Dans la pénombre élégante de l'Athénée Théâtre Louis-Jouvet, Des hommes endormis s’impose comme l’une des propositions théâtrales les plus troublantes et abouties de cette fin de saison. Martin Crimp, dans la traduction nerveuse et subtile d’Alice Zeniter, dissèque les impasses affectives de notre époque avec une cruauté feutrée, presque clinique, que la mise en scène de Ludovic Lagarde transforme en expérience hypnotique.
Le point de départ pourrait relever d’un banal huis clos bourgeois : Julia et Paul, universitaires brillants, usés par des années d’ambition et de renoncements intimes, voient surgir au cœur de la nuit un jeune couple — Joséfine et Tilman — venu dérégler la mécanique glacée de leur existence. Mais Crimp déjoue constamment le réalisme attendu. Sous les dehors d’une comédie de mœurs acérée, la pièce glisse progressivement vers une zone plus trouble, presque onirique, où les rapports de domination, le désir, la maternité et la fatigue d’exister deviennent les véritables protagonistes.

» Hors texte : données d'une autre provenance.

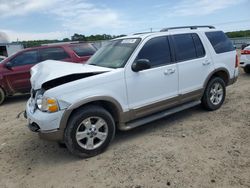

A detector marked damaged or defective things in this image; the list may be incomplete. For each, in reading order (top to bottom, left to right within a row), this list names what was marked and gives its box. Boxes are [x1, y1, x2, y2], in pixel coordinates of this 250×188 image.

crumpled hood [31, 60, 112, 89]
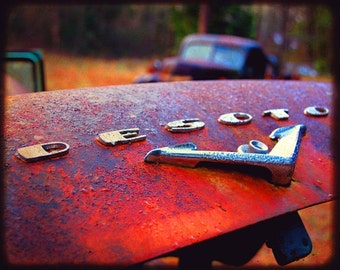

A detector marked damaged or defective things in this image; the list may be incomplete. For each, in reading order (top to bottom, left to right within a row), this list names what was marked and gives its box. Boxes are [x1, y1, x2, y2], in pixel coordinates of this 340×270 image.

rusty metal surface [2, 79, 334, 266]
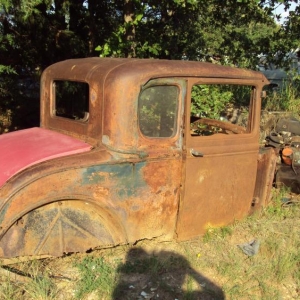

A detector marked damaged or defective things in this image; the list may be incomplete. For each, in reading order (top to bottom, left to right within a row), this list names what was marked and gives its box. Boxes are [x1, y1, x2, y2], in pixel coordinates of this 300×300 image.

corroded metal body [0, 58, 274, 258]
rusty vintage car [0, 58, 276, 258]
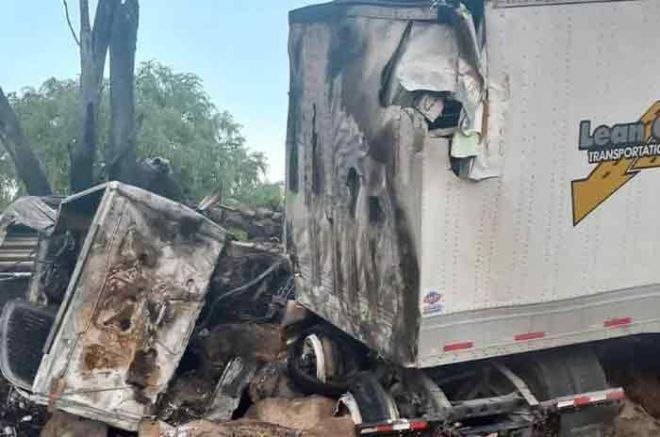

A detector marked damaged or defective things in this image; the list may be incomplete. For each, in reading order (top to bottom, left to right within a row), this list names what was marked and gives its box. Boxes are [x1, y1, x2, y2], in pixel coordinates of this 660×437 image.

burned trailer [0, 182, 227, 430]
burnt truck cab [0, 182, 227, 430]
torn metal panel [30, 182, 227, 430]
rusted metal sheet [30, 182, 227, 430]
charred wreckage pile [0, 181, 358, 436]
burned tire [286, 324, 364, 396]
burned tire [348, 372, 400, 422]
burned trailer [286, 0, 660, 434]
burned tire [520, 346, 620, 434]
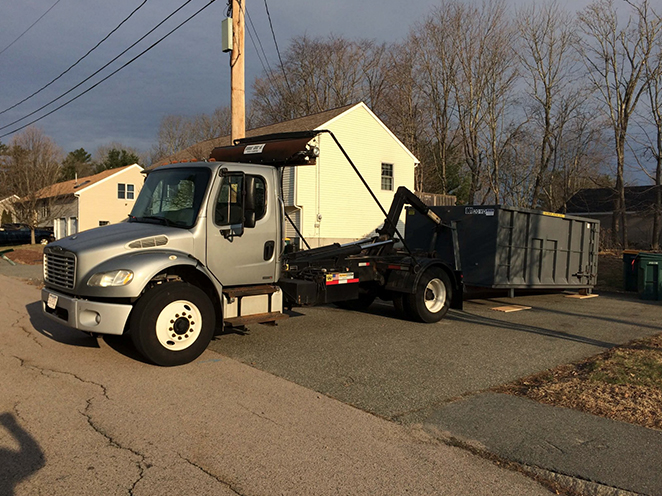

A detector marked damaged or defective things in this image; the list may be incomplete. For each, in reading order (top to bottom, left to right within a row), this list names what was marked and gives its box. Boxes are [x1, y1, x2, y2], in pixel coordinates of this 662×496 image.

cracked pavement [0, 274, 556, 494]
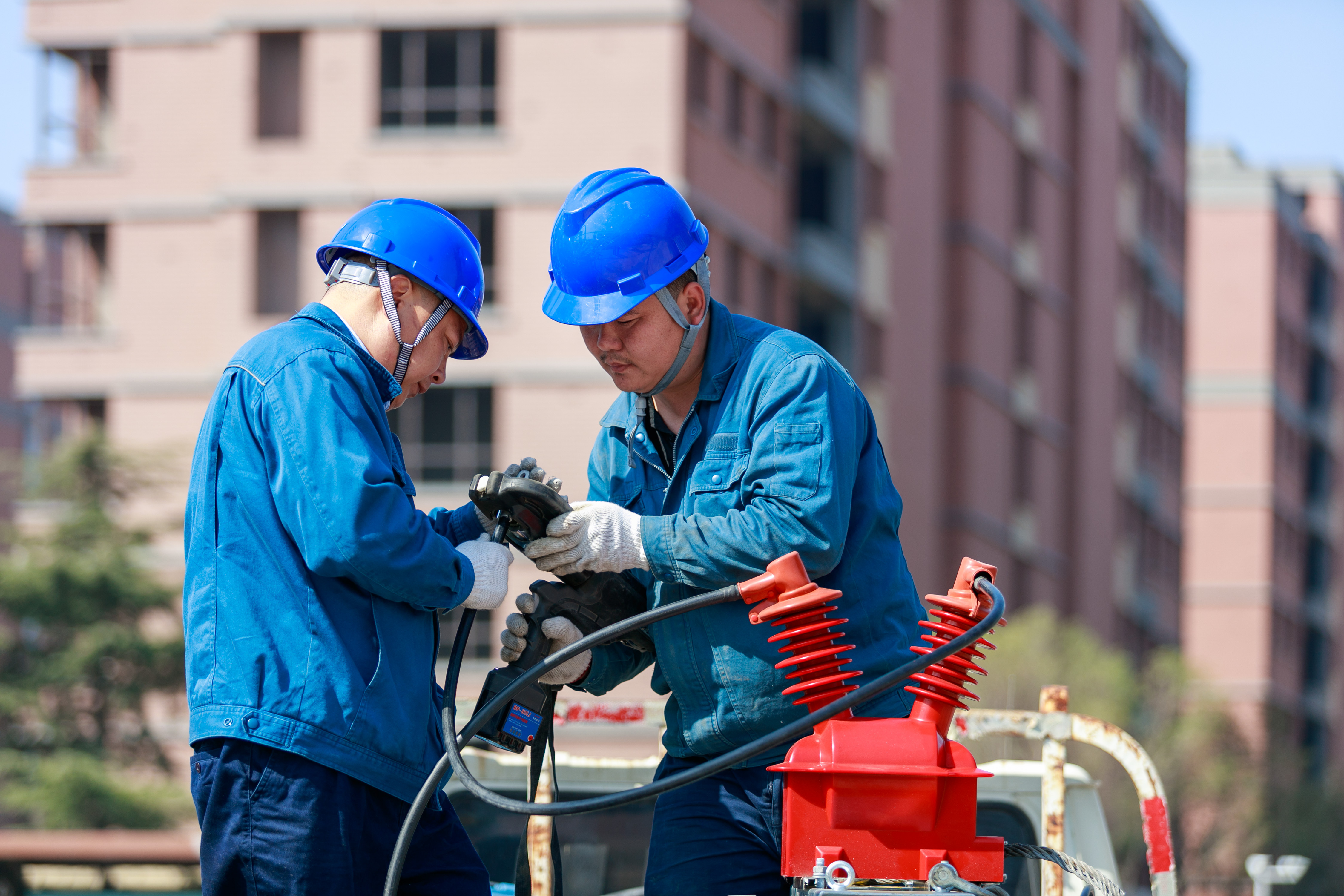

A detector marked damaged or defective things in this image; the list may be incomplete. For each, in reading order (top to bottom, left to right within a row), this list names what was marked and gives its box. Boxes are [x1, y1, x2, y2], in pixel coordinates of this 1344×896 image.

rusty metal frame [952, 698, 1183, 896]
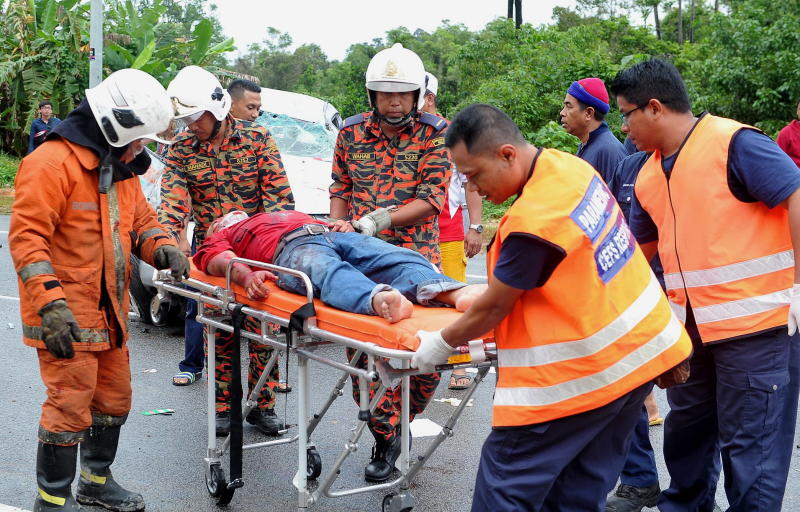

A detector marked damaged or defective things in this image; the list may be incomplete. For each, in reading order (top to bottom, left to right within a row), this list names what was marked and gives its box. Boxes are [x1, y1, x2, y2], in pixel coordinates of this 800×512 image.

shattered windshield [258, 112, 336, 160]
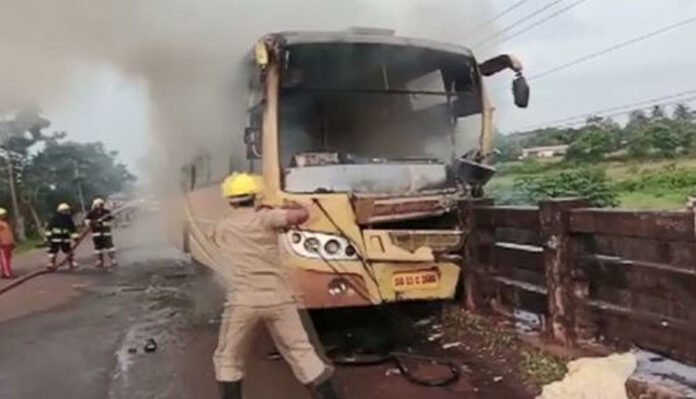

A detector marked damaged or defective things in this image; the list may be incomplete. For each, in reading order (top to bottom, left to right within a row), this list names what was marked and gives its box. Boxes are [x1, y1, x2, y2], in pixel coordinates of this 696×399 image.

damaged bus front [185, 29, 528, 310]
broken windshield [278, 43, 484, 189]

La grande réussite du spectacle tient à cette tension permanente entre trivialité quotidienne et étrangeté diffuse. Lagarde dirige ses comédiens comme des funambules : chaque silence semble chargé d’une menace sourde, chaque échange peut bifurquer vers le rire ou le vertige. La scénographie épurée, baignée de lumières froides, installe un espace mental autant qu’un appartement contemporain ; un lieu où les êtres se croisent sans jamais parvenir à véritablement se rejoindre.
Le quatuor d’interprètes impressionne par sa précision. Christèle Tual donne à Julia une puissance féline, mêlant sécheresse intellectuelle et détresse rentrée. Face à elle, Laurent Poitrenaux compose un Paul inquiétant d’ironie et de lassitude, dont les provocations masquent mal l’effondrement intérieur. Les plus jeunes, Hortense Girard et Guillaume Costanza, apportent une vitalité trouble, jamais naïve, qui vient fissurer le cynisme des aînés.
Ce qui frappe surtout, c’est l’intelligence avec laquelle la pièce saisit une génération épuisée par la réussite elle-même. Crimp parle du couple, bien sûr, mais aussi d’un monde où le travail a dévoré le désir, où les existences hyperconnectées semblent condamnées à une forme d’insomnie morale. Pourtant, Des hommes endormis n’a rien d’un manifeste théorique : l’écriture demeure vive, drôle, parfois férocement drôle, et laisse toujours affleurer l’humanité de ses personnages. Rarement le théâtre contemporain aura su montrer avec autant d’élégance ce moment fragile où les certitudes vacillent et où, derrière les discours sophistiqués, réapparaît soudain la peur nue de passer à côté de sa vie. Un spectacle captivant, d’une intelligence aiguë, qui confirme la singularité de Martin Crimp et la maîtrise de Ludovic Lagarde.
Athénée Théâtre Louis-Jouvet, du 4 au 24 mai 2026.